Now either the first now has 4 times as much as the last or the last has 4 times as much as first, i.e.

fp + f − 1 = 4(f − 2) or 4(fp + f − 1) = f − 2.

The first => 7 = f(3 – p) => f = 7, p = 2 as the only non-negative integer solution.

The second => f(4p + 3) = 2 and that has no non-negative integer solution.

Hence the answer is 7 friends and the poorest had $2. For interest only, the total amount of money is f (p + (p + f -1))/2 = $35

November 19th, 2013 at 9:45 pm

I forgot to mention that that was another problem by Lewis Carroll.

Hi slavy, I’ll have a think about your problem. If I’ve understood it correctly, the two neighbours must be the first and last ones at both the beginning and at the end.

November 20th, 2013 at 12:04 am

I think that the only (non-negative integer) solutions to slavy’s problem are:

(f,p) = (0,2), (1,0), (2,0).

I simply took (f+p-1)/p = (fp+f-1)/(f-2), multiplied by p(f-2) and asked Mathematica to treat it as an integer problem.

Of course, if allowed that the initial values weren’t whole dollars, there may be many solutions and the special pairs won’t necessarily be the first and last friends or the same pair for the initial and final state.

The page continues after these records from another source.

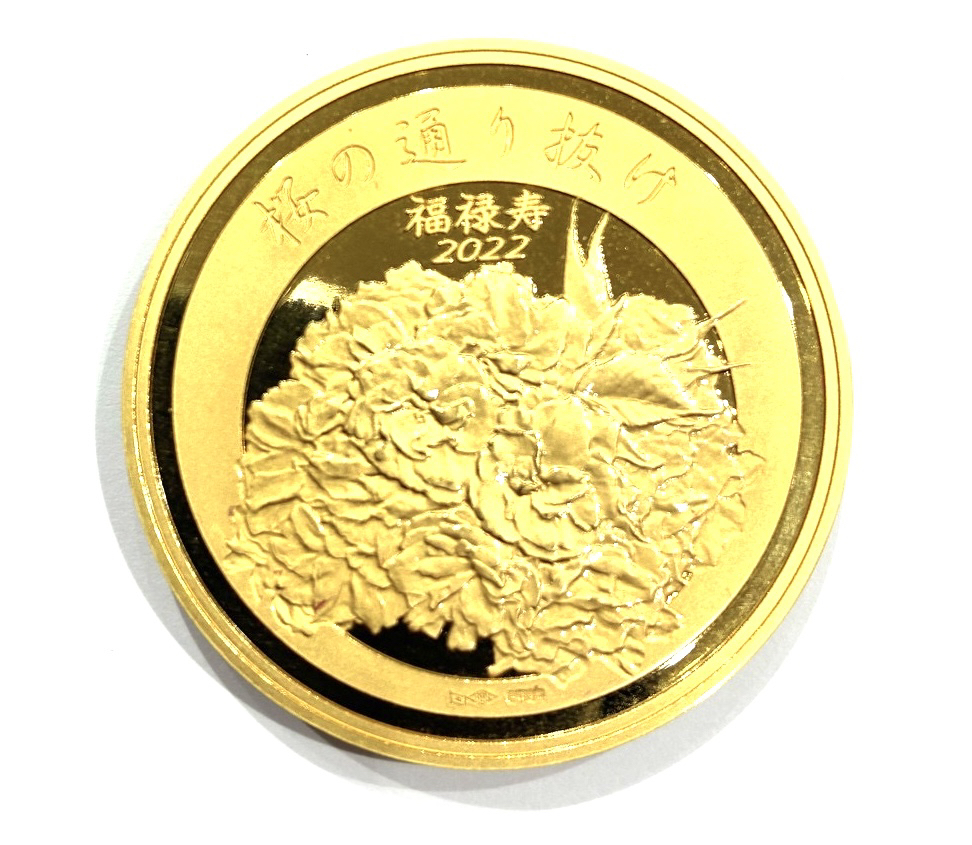 造幣局 2022年 桜の通り抜け 純金メダル 福禄寿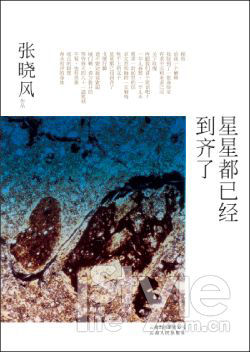 ���� һ��(g��)���o(j��)�Ĵ����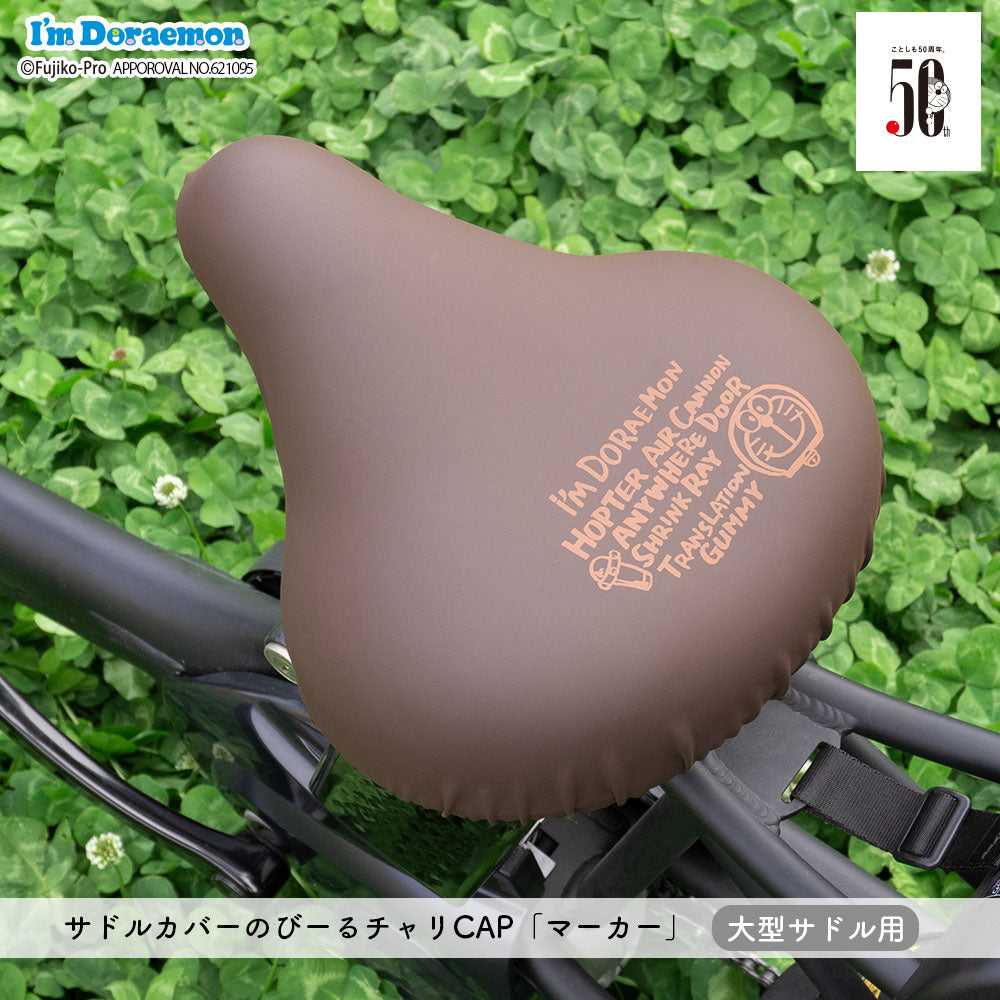 サドルカバー ドラえもん 大型サドル 電動アシスト自転車用 のびーるチャリCAP ビッグ big 防水 どこでもドア マーカー ギフト プレゼント サドルカバー 汚れ キズ Doraemon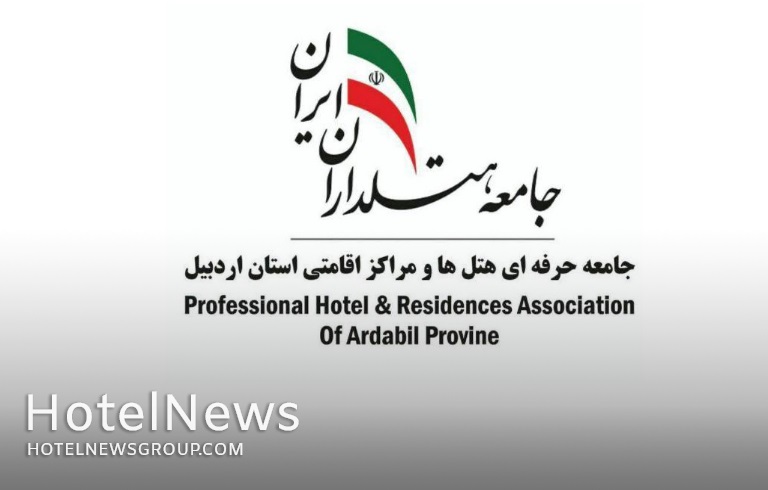 برگزاری مجمع عمومی عادی و فوق العاه جامعه حرفه ای هتل‌ها و مراکز اقامتی استان اردبیل - تصویر 1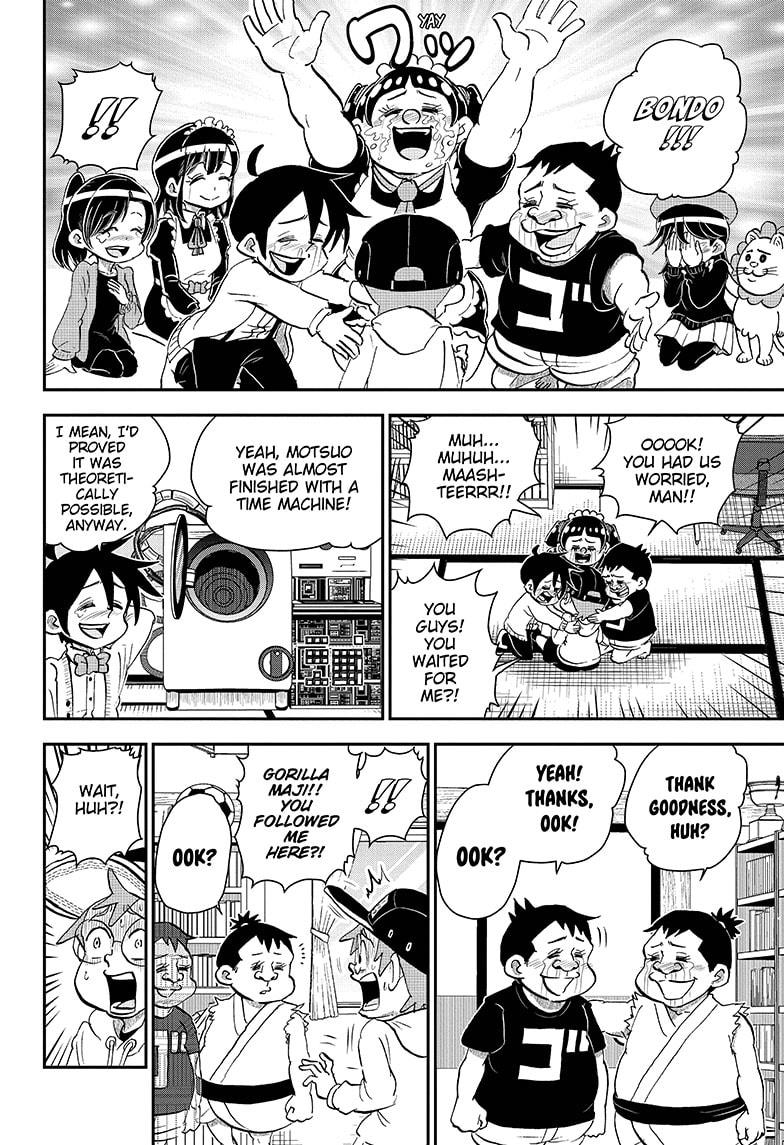Me & Roboco Chapter 31 page 18 - Chapter 31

November 20th, 2013 at 8:16 am

Hi Chris,

you are wrong There is at least one more integer solution, while all the three solutions you proposed don’t lead to anything meaningful. (0,2) corresponds to zero players the last one among whom had $2!!! (1,0) corresponds to one person with zero money playing with himself! (2,0) corresponds to 2 players, one with $1 and the other with $0 and here k is infinity!!!

Hint: Don’t try to get rid of k in the equations! It’s simpler if you keep it there. That’s why I asked for its value at the end – to stress its role in the analysis.

November 20th, 2013 at 10:59 am

Hi slavy. Ooops, I hadn’t checked to see if those solutions were physically meaningful – silly me.

I can see that keeping k (explicitly) would be crucial if k is an integer. I had assumed it to be a rational. k being an integer readily shows that gcd(f,p) = 1 for instance.

On a personal note. That you have excellent mathematical ability is beyond doubt. At least as important is that you don’t live in an ivory tower and you are accessible. You have joie de vivre. I think anyone that employs you will be very lucky.